◆ **Recorded data**:
++++++++++

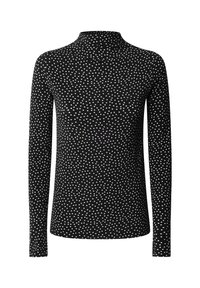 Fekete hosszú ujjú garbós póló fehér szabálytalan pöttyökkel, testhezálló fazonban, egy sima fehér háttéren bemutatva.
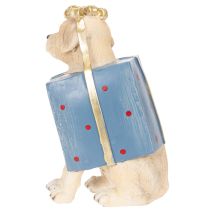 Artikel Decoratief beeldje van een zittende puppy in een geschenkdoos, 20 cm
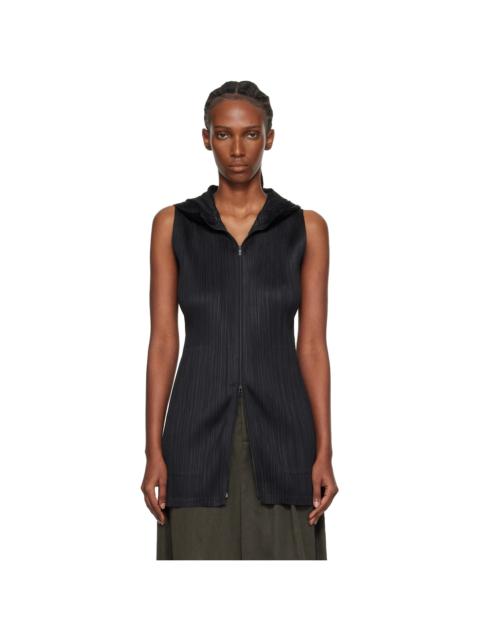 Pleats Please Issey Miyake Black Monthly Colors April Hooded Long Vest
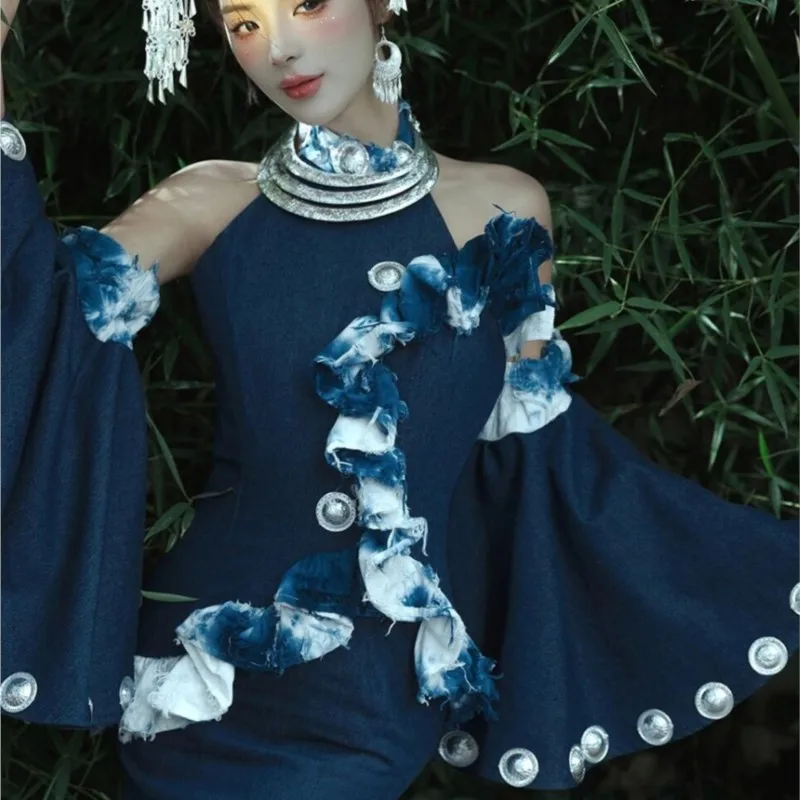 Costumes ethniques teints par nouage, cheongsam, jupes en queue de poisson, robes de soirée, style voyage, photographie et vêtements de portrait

++++++++++

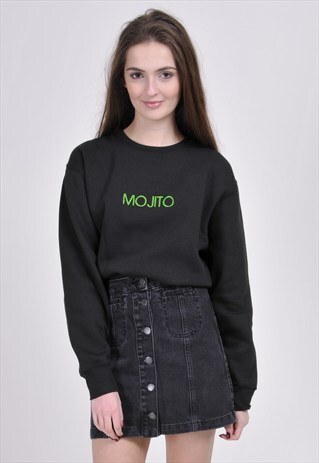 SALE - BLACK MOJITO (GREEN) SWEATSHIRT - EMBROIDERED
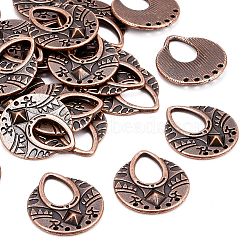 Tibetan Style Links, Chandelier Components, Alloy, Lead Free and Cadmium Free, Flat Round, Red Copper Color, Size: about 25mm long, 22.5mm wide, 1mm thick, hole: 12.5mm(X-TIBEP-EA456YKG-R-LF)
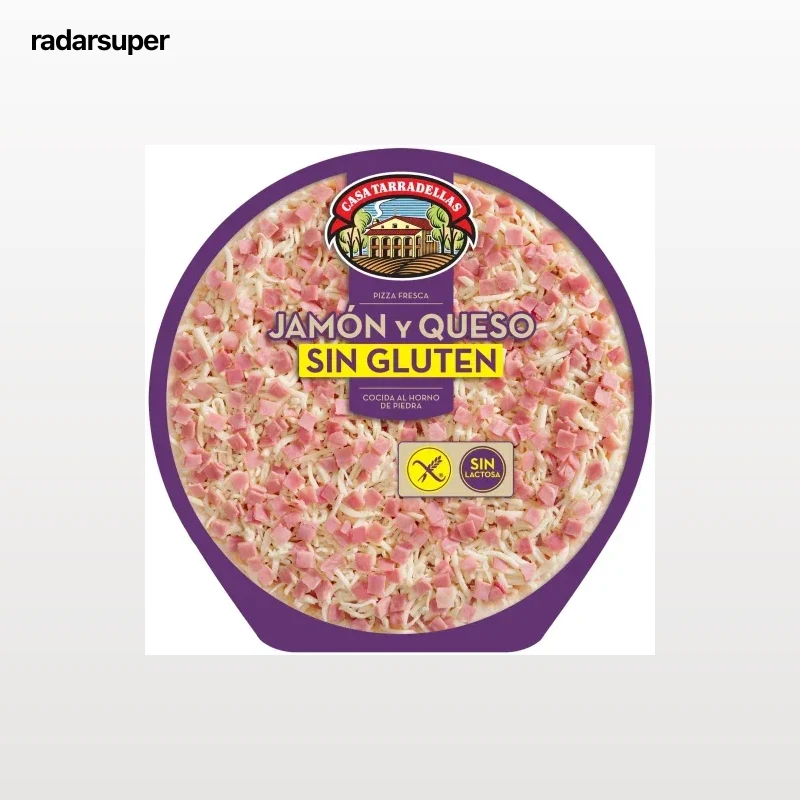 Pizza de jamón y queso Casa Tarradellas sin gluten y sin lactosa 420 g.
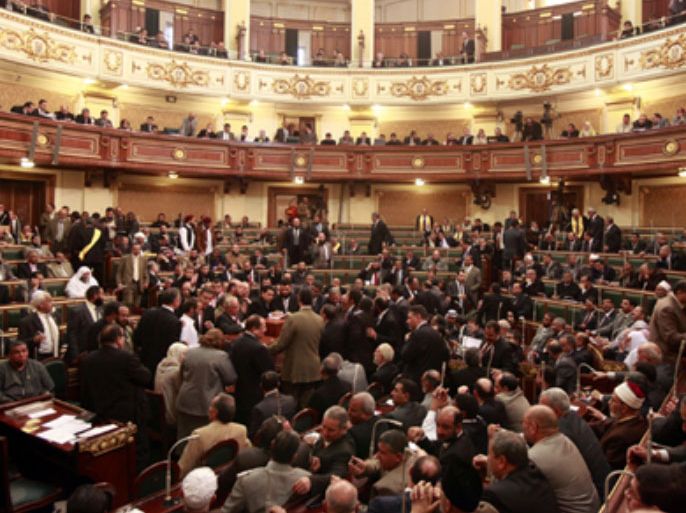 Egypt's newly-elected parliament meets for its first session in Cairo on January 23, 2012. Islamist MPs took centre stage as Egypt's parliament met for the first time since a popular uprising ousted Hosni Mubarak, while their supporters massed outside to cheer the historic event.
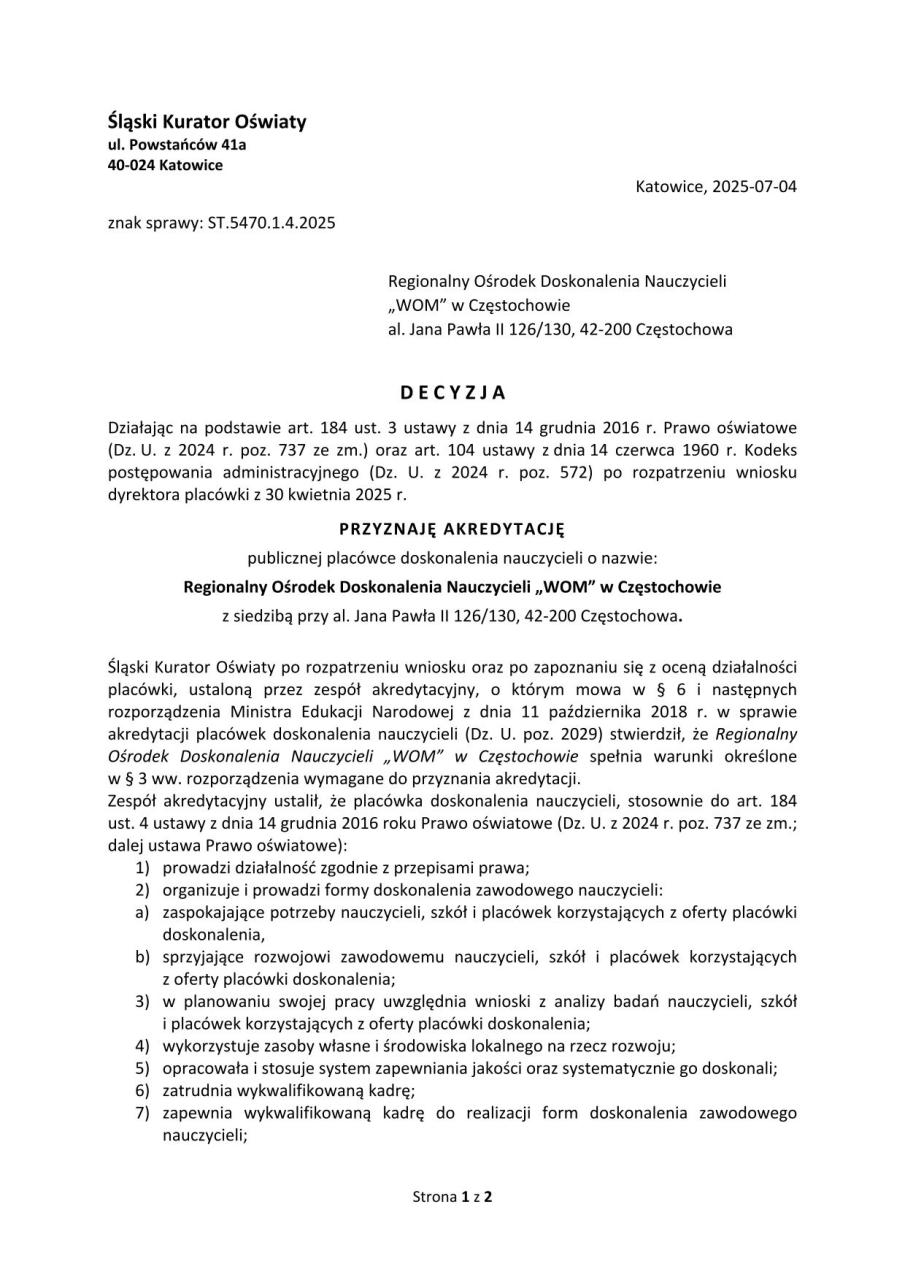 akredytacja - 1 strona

++++++++++

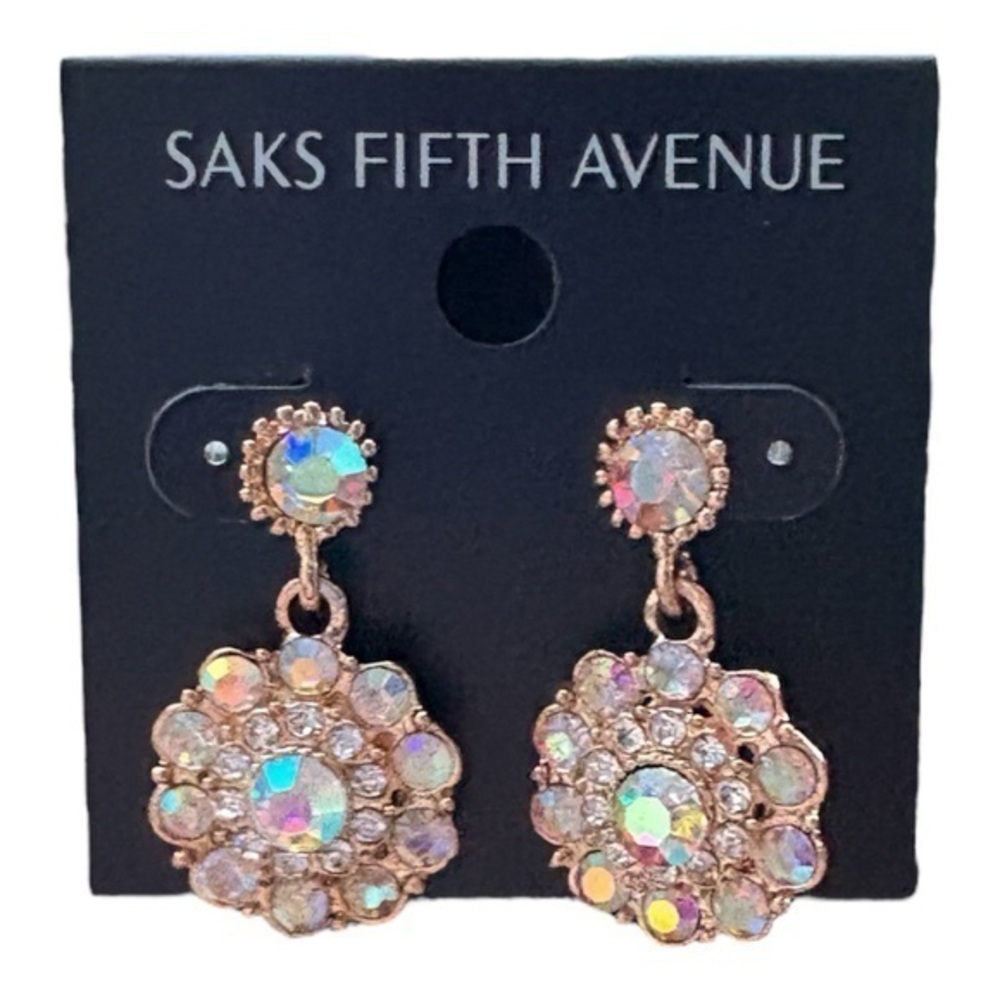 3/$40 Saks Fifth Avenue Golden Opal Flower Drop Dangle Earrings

++++++++++

◆ **Your goal**: Once the line with "Fekete hosszú ujjú" has been found above, output that line and every later line exactly, stopping after the line with "Costumes ethniques teints", and omit the pictures.

◆ **Solution for this problem**:
 Fekete hosszú ujjú garbós póló fehér szabálytalan pöttyökkel, testhezálló fazonban, egy sima fehér háttéren bemutatva.
 Artikel Decoratief beeldje van een zittende puppy in een geschenkdoos, 20 cm
 Pleats Please Issey Miyake Black Monthly Colors April Hooded Long Vest
 Costumes ethniques teints par nouage, cheongsam, jupes en queue de poisson, robes de soirée, style voyage, photographie et vêtements de portrait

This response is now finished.